Мальчишки нервно самодовольно улыбаются, неловко натягивая одежду. Они сообразительные, они понимают, что так ты населяешь город годящимися в мужья. Что ты богиня (второстепенная, но это не важно) телесного знания и печешься о том, чтобы окрестные юноши мало того что знали о существовании клитора, но и понимали, что с ним делать. В то же время ты заочно взращиваешь сонмы девушек (может, кто-то из них прознает про твои труды, а то и побывает у тебя?), которым супружеские ночи станут сполна искупать дни, проведенные за стиркой и глажкой.
Но такого вот будущего, такой старости у тебя не случилось.
Виной тому, скорее всего, несчастный случай – то ли машина неудачно сдала назад, то ли лошадь лягнула, – после которого ты осталась хромоножкой. А дальше – крошечная квартирка над прачечной (кто ж знал, что аренда так дико подорожает?) с неизбывным запахом мышиного дерьма и стиральных химикатов: он только крепчал от туалетной воды, которой ты пшикала во все стороны, чтобы его замаскировать. Ну и что там было делать парням?
А еще вдруг эта непонятная юношеская робость… Мальчишки (теперь они были стариками, а многие и вовсе уже умерли) из ее молодости, эти бесстрашные, допьяна самоуверенные принцы-забияки, которые трогательно пыжились изобразить из себя незнамо кого, практически исчезли (так, по крайней мере, тебе казалось) с лица земли. А вместо них пришло поколение пугающе благонравных инфантильных юношей – им хватало знания об устройстве женского тела, которое они получали от девиц, понимающих свое тело едва ли лучше неуклюжих ухажеров.
В семьдесят, считая себя совсем еще не старой, ты купила участок земли. От города довольно далеко – но даже пригородная земля, кому она нынче по карману?

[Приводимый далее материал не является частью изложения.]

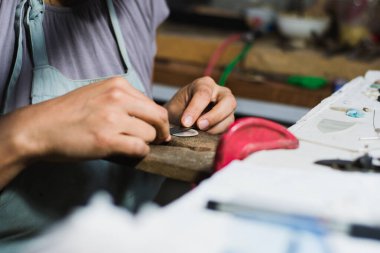 Mücevher imalatçısı atölyesindeki profesyonel mücevher atölyesinde çalışıyor..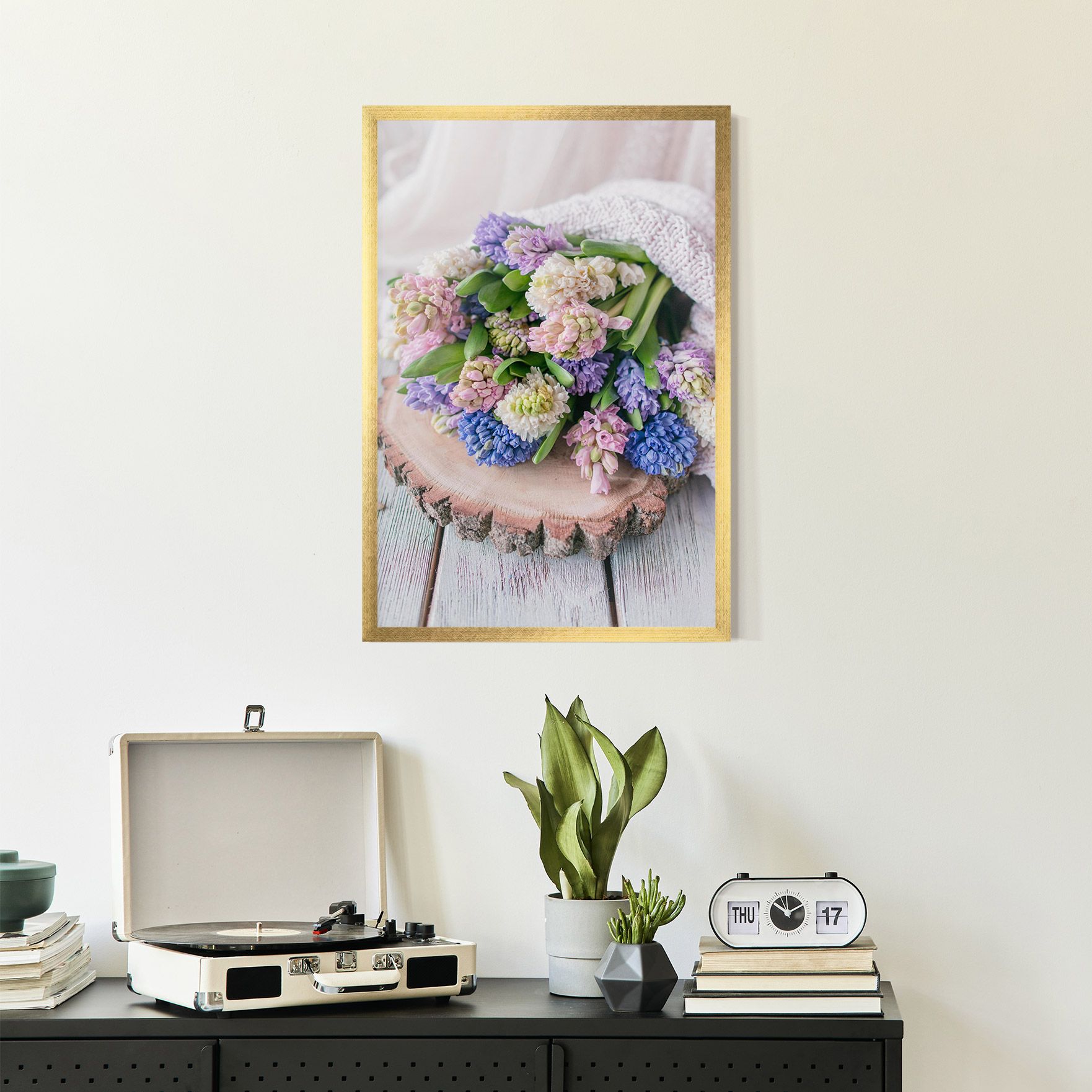 Purple Mix Bouquet mockup 2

Когда с формальностями было покончено, ты встала (опершись на палочку, в необходимость которой тебе все еще не больно-то верилось) посреди своего скромного землевладения, со всех сторон окруженного лесом, и решила построить дом из сладостей.
Ты хорошенько все вызнала. Оказалось, что из сахара, глицерина, кукурузного крахмала и неких ядовитых субстанций (их лучше бы вслух не называть) можно изготовить кирпичи, которым не страшен дождь. А имбирные пряники, если в них для прочности подмешать цемента, вполне годятся на крышу.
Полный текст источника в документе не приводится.